A practical inheritance: A bowl, a strainer, a brush, some tweezers, and sex

By Sandra Hutchison

While helping my mother clean out my 96-year-old grandmother’s house before and after she died at the beginning of this year, I was of course tempted by a number of items, mostly old tools. They became my grandmother’s legacy to me. But my favorite items are not what I would have expected.

My great grandmother’s bread bowl

Thelma’s mother set her bread to rise in this bowl. It’s not in perfect condition at this point but is clearly beautifully made (and easy enough to restore, when I get around to it). I used to make bread before I did the math and realized the increase in my electricity bill more than offset any savings in the bread budget. My current stove is gas, though, so one of these days I may actually use this bowl for its original purpose again. (Of course I have a solar roof now, so electric would save me even more money.) In the meantime, it holds just about anything that isn’t wet. In the picture above, it’s the temporary home for a stalk of flowering balsam my neighbor gave me for next year’s seeds.
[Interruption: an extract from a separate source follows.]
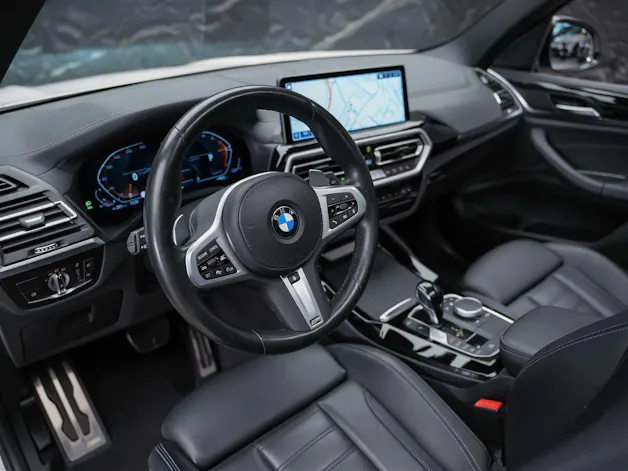 BMW X3 xDrive 20i M Sport *Panorama*BMW Laser*Lenkradheizung*AHK*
This really ugly food mill

I actually bought one of these in shiny stainless steel some years back to help me process tomatoes. Maybe I didn’t know to adjust it or something, but it ended up trashing 90% of my tomatoes, so I happily ditched it in a garage sale when we moved (and warned the person who bought it that it might only be good for applesauce). But I figured I’d try again when I saw this in my grandmother’s kitchen and could see that it had clearly been used a lot. This one works like a dream, so homemade tomato sauce and tomato soup are finally in my repertoire.

A clothes brush

I only recognized this because of Downton Abbey. This is a cheaper version of the brush John Bates would use to clean Lord Crawley’s beautiful wool suits. All I can say is that I’ve finally found something to clean wool and fleece of cat hair that actually works! Yes, lint tape works, too, but it takes a lot and that stuff isn’t cheap. (And in case you haven’t already figured it out, those little red velvet lint “brushes” you may see for sale are just a good way to fill up the landfill with useless plastic.) Of course, the challenge for me is finding a cat-hair-free spot on which to brush clothes down.

Tweezers and scissors

I found a whole set of different kinds for personal grooming. No one ever warned me getting older would mean growing hair in places I never had before (and losing hair in places I had it, not that I mind that when it comes to my legs). I’ve reached the age when I occasionally just take a razor out and shave my face and neck, but plucking is way more satisfying — if I can just get a grip on the little buggers. Over the years I’ve accumulated innumerable cheap tweezers that have proven useless for anything but cleaning dirt from under my fingernails. Most of these hand-me-down instruments from Grandma’s house, on the other hand, actually do what they are supposed to. (Yes, of course, I gave them a good cleaning.)

Sex

Just kidding. Except not really. In the back room we found a stash of relatively wholesome old girlie watercolors that probably belonged to my grandfather. And in the bedroom, near the bed, we found a pretty heavy-duty electric vibrator. My mother was appalled and threw that thing away faster than I could say, “Hey, let me see that!” Still, I thought it was pretty cool that my grandmother’s libido had clearly persisted well into old age.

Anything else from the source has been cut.